Anak penyandang disabilitas seringkali menghadapi berbagai tantangan di lingkungan sekolah. Misalnya sekolah belum sepenuhnya memahami kebutuhan dan hak-hak mereka, terutama dalam pengembangan diri serta minat bakat. Beberapa sekolah bahkan membeda-bedakan antara anak penyandang disabilitas dengan anak yang lain. Akibat dari perilaku tersebut, banyak anak yang jadi ikut membedakan anak penyandang disabilitas. Sekolah-sekolah ini kurang-lebih sama dengan sekolah lama Totto-Chan, mereka kurang tahu bagaimana cara mengatasi anak penyandang disabilitas.
Di sekolah lamanya, Totto-Chan yang masih kelas 1 SD dikeluarkan karena dianggap terlalu cerewet dan mengganggu. Padahal, anak umur 7 tahun itu hanya memiliki rasa ingin tahu yang berlebih. Karena sudah tidak tahu bagaimana caranya mengurus Totto-Chan, sekolah memutuskan untuk mengeluarkan anak itu. Mamanya yang tak punya pilihan lain pun terpaksa mendaftarkannya di sekolah baru, Tomoe Gakuen.
Tomoe Gakuen bukan sekolah mahal dan bergengsi, melainkan sekolah konvensional yang ruang kelasnya terdiri dari deretan gerbong kereta api. Sekolah unik ini dengan 50 anak murid ini dikepalai oleh Sosaku Kobayashi. Melalui ilmu yang dipelajari dari Dalcroze, kepala sekolah mengupayakan semua anak mendapatkan perlakuan yang sama, baik penyandang disabilitas maupun bukan. Tak hanya itu, Ia juga berupaya sangat keras untuk meningkatkan kepercayaan diri anak penyandang disabilitas agar mereka tidak merasa dikucilkan.

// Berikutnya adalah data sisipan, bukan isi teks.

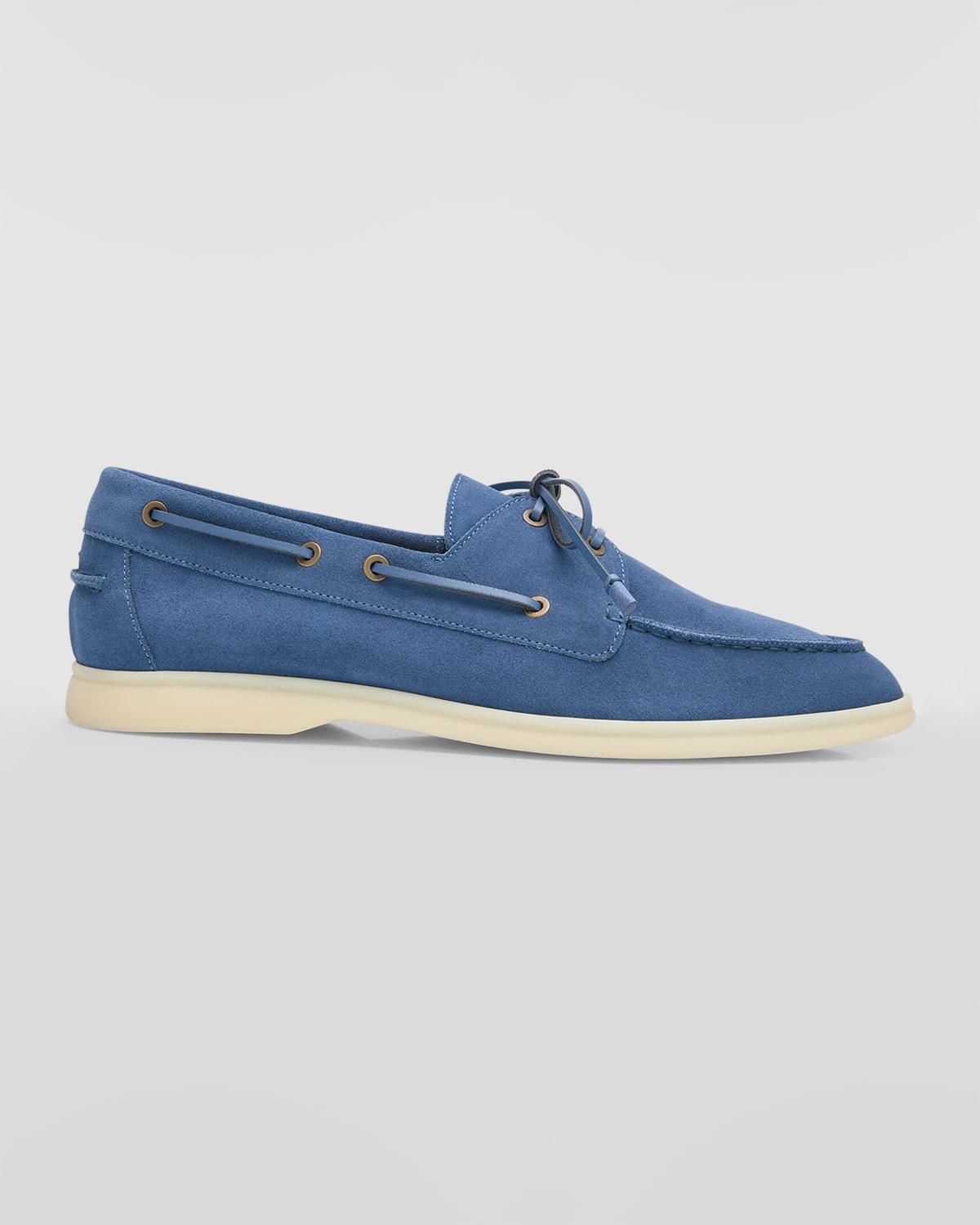 Mens Sea-Sail Walk Suede Boat Shoes Product Image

Melalui kisah Totto-Chan yang menderita ADHD (Attention Deficit Hyperactivity Disorder), kepala sekolah selalu mendengarkan cerita yang seringkali dianggap "cerewet dan mengganggu" oleh guru di sekolah lama Totto-Chan. Kepala sekolah selalu memercayai apa yang dilakukan Totto-Chan dan mensupport apapun yang dilakukannya. Meskipun seringkali perilaku Totto-Chan dianggap aneh oleh orang dewasa pada umumnya. Karena menurut kepala sekolah, semua anak termasuk Totto-Chan adalah anak yang baik. Ia hanya harus mengarahkan Totto-Chan dan teman-temannya agar tidak salah langkah.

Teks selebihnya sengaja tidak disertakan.